The key point here being the words “static” (avoids data races) and “dynamic” (typically not “safe” for parallel computing), hence the splitting into two steps (loops). Your loop would thus look something like this (untested, written on the fly, I probably messed up the types but you fix that):

var temp_array = new Point3d[cloud.Length]; // (Count?)
Parallel.For(0, cloud.Length, i => 
{
    if (Math.Abs(FastPlaneToPt(denom, eq[0], eq[1], eq[2], eq[3], it.Location)) <= tol) 
    {
        temp_array[i] = (it.Location;
    }
});

// Now collect the resulting items into a dynamic list :
PointCloud cloudSection = new PointCloud();
foreach (var citem in temp_array) 
{
    if (citem != Point3d.Unset)  // skipping the "nulls"
    {
       cloudSection.Add(citem); // Cast back to PointCloudItem if need be
    }
}

A little rough this, but it’s among the simplest basic approaches to always make a safe parallel version. And if it turns out to be faster than the single non-parallel loop, well then you have it right there. :slight_smile:

// Rolf

2 Likes

Use a spatial search structure, like RTree. I can code up an example tomorrow.

1 Like

Hi Ril,

Thank you for such an in-depth answer:)
It seems I lose 1 second with parallel loop.

It would super nice if you could show how to set up plane search for the R-Tree.

I thought that it is only possible to make a spatial structure for point-point search only.

So typical, and why only hands on testing reveals where the true bottlenecks are to be found.

It was long ago since I last used RTree (can’t do it from memory) but good to know Menno is at it.

// Rolf

1 Like

Efficient use of multi-threading requires proper/suitable task to be solved.
Since your “load” inside the loop is very light (one line of simple math calculus), using multi-threading has sense if there is huge number of points to test against plane. Huge means huge. I tested it against 1.2 million points and find out that in such case multi-threading is aprox 3x faster than serial code (8 core CPU).
PlaneToPointParalel.gh (9.7 KB)

2 Likes

The code to use an R-Tree is below. The idea is that you have your point cloud, and you create a transformed R-tree that transforms the plane you’re interested in into the world-XY plane.
Then you can use a BoundingBox query on the R-Tree that is the world-XY plane + tolerance.

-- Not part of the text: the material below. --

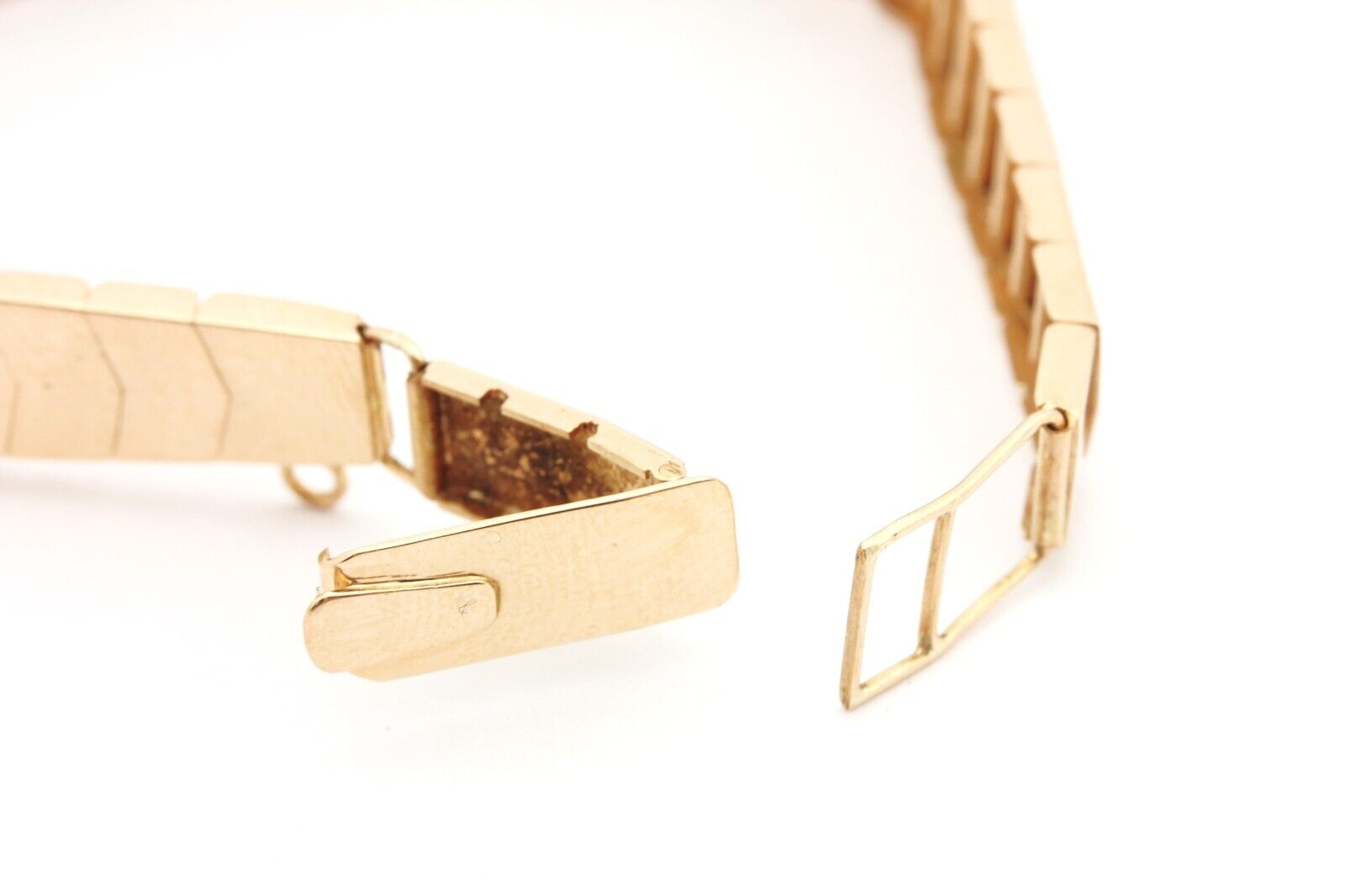 14k rose gold green jadeite jade bracelet 7 inch 14.3mm 15.65g vintage estate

The performance on 1.2 million points is as follows. As you can see, the most time is spent in creating the R-tree and the subsequent spatial query is very low.

Created a pointcloud with 1200000 points in 138 ms
Created an R-tree spatial search structure with 1200000 points in 2830 ms
Queried 1200000 and found 13495 points on the plane in 6 ms

Having said that, it is probably not faster than your implementation, because that scales linearly with the number of points, not quadratically as I assumed when I first read your post.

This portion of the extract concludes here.